> Problem statement
Output only the lines below that start at the line containing "Chocolate Honeycomb Jars" and end at the line containing "Nike Air Zoom", with both ends kept.

> Dataset entries
___
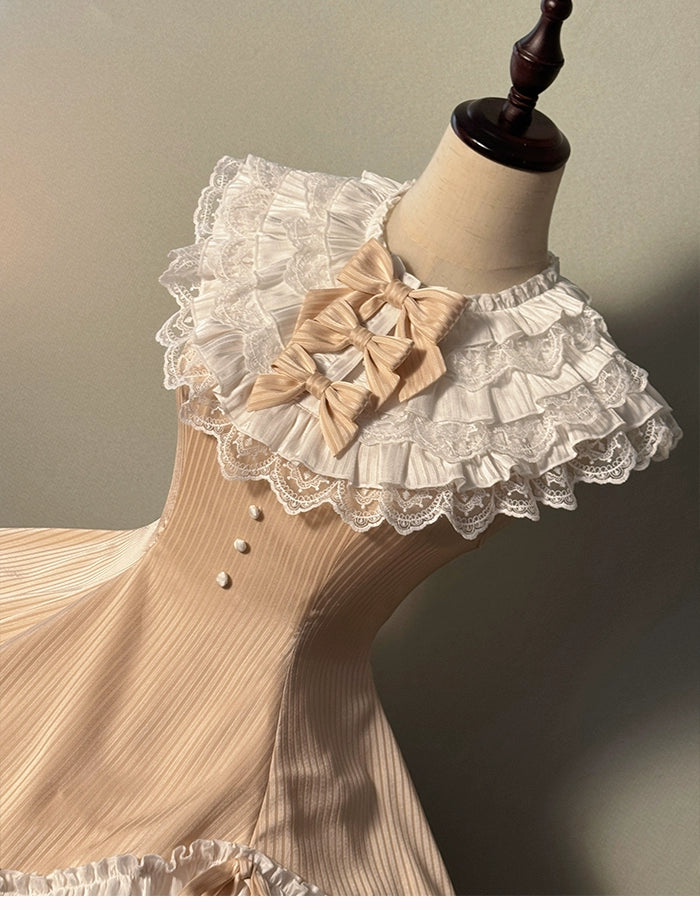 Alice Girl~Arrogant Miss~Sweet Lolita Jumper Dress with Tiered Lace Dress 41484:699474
___
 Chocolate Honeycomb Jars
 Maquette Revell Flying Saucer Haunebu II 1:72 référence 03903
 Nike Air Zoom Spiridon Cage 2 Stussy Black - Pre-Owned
___
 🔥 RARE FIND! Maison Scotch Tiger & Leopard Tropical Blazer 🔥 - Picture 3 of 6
___
> Completed task
 Chocolate Honeycomb Jars
 Maquette Revell Flying Saucer Haunebu II 1:72 référence 03903
 Nike Air Zoom Spiridon Cage 2 Stussy Black - Pre-Owned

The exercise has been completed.